Yes I was not sure if it could also happen in the system suspend case or
not.

> So, I think the patch like below should fix the problem.
> This can be easily backported to all stable trees, and it alone should
> work without backporting the else intrusive changes.
> 
> Could you check whether my theory is correct?

Do you want me to test this on the same stable branch I have been
testing with where commits 3d21ef0b49f8 and 17bc4815de58 are not present?

Cheers
Jon
 --
nvpublic
Takashi Iwai March 25, 2019, 10:29 a.m. UTC | #6
On Mon, 25 Mar 2019 11:19:31 +0100,
Jon Hunter wrote:
> 
> 
> On 25/03/2019 09:59, Takashi Iwai wrote:
> > On Thu, 21 Mar 2019 15:28:23 +0100,
> > Jon Hunter wrote:
> >>
> >>
> >> On 20/03/2019 17:59, Jon Hunter wrote:
> >>>
> >>> On 20/03/2019 17:19, Takashi Iwai wrote:
> >>>> On Wed, 20 Mar 2019 17:04:14 +0100,
> >>>> Jon Hunter wrote:
> >>>>>
> >>>>> From: Jonathan Hunter <jonathanh@nvidia.com>
> >>>>>
> >>>>> This issue is not observed on the latest mainline kernel since the
> >>>>> 'ALSA: PCM suspend cleanup' series has been applied and the
> >>>>> snd_pcm_suspend_all() function call in the HDA codec driver has been
> >>>>> removed. However, this issue impacts stable kernel branches and so I
> >>>>> am trying to find a solution for these branches.
> >>>>>
> >>>>> When stress testing audio playback across multiple HDA streams
> >>>>> simultaneously, the following failure is sometimes observed when
> >>>>> starting playback ...
> >>>>>
> >>>>>  Unable to set hw params for playback: File descriptor in bad state
> >>>>>
> >>>>> The problem is caused because ...
> >>>>> 1. Playback is starting for one HDA codec and so the chip->open_mutex
> >>>>>    in azx_pcm_open() has been acquired.
> >>>>> 2. Playback for another HDA codec is starting but is blocked waiting to
> >>>>>    acquire the chip->open_mutex in azx_pcm_open().
> >>>>> 3. For the HDA codec that is blocked, its runtime-pm status is still
> >>>>>    enabled from a previous playback session that has since completed and
> >>>>>    been closed, however its autosuspend timeout has not expired yet.
> >>>>> 4. For the HDA codec that is blocked, the runtime-pm autosuspend timeout
> >>>>>    now occurs calling the runtime-pm suspend callback and this calls
> >>>>>    snd_pcm_suspend_all() placing all PCM streams in the suspended state.
> >>>>> 5. The block HDA codec is now unblocked and fails to set the HW params
> >>>>>    because the PCM stream is in the suspended state.
> >>>>>
> >>>>> The above has been observed on Tegra platforms where the autosuspend
> >>>>> delay is set to 1 second and there is a delay to an AZX command.

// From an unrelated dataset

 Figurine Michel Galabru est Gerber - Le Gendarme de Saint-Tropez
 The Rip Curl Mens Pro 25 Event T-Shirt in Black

This
> >>>>> highlights that there is a window of time where autosuspend can place
> >>>>> the HDA PCM stream in the suspended state while opening the stream
> >>>>> and cause playback to fail.
> >>>>>
> >>>>> Looking at commit 3d21ef0b49f8 ('ALSA: pcm: Suspend streams globally via
> >>>>> device type PM ops') it appears that the call to snd_pcm_suspend_all()
> >>>>> has now been moved to the to the suspend handler for PCM streams and so
> >>>>> I am wondering if it would be equivalent to make the following change to
> >>>>> the HDA codec driver to achieve the same behaviour but only for the HDA
> >>>>> driver. So far the issue has not been observed with this change.
> >>>>>
> >>>>> Please note that I am not sending this as a formal patch as I wanted to
> >>>>> get some feedback/comments on the above.
> >>>>
> >>>> I guess just backporting 3d21ef0b49f8 should be OK even for older
> >>>> kernels.  This assures the PCM stream gets suspended before entering
> >>>> any parent device suspend call.
> >>>>
> >>>> The remaining changes (except for the one for atiixp) are merely
> >>>> cleanup of superfluous calls, and keeping them are harmless.
> >>>>
> >>>> Could you check whether my theory above correct?
> >>>
> >>> I believe that you will need that change and 17bc4815de58 because we
> >>> need to prevent snd_pcm_suspend_all() being called in the pm-runtime
> >>> suspend callback. Applying only 3d21ef0b49f8 will means that at runtime
> >>> snd_pcm_suspend_all() can still be called from within the HDA codec
> >>> driver when the autosuspend timeout occurs. I will test this and
> >>> confirm. Maybe both could be backported?
> >>
> >> I confirmed today that with just 3d21ef0b49f8 the issue can occur, but
> >> with both 3d21ef0b49f8 and 17bc4815de58 the issue is not seen.
> >>
> >> Do you think that it would be appropriate to include these in the stable
> >> branches? They apply cleanly to v5.0, but we would probably need to
> >> back-port for early kernels such as v4.19, v4.9, etc.
> > 
> > I reconsidered the problem again, and noticed that the very same
> > problem may appear with the system PM, not only with runtime PM.
> > The suspend can happen at any time, so even a stream in OPEN state may
> > go to suspend, and you'll hit the same problem.  It's just a corner
> > case so no one really cared much.
> 
> Yes I was not sure if it could also happen in the system suspend case or
> not.
> 
> > So, I think the patch like below should fix the problem.
> > This can be easily backported to all stable trees, and it alone should
> > work without backporting the else intrusive changes.
> > 
> > Could you check whether my theory is correct?
> 
> Do you want me to test this on the same stable branch I have been
> testing with where commits 3d21ef0b49f8 and 17bc4815de58 are not present?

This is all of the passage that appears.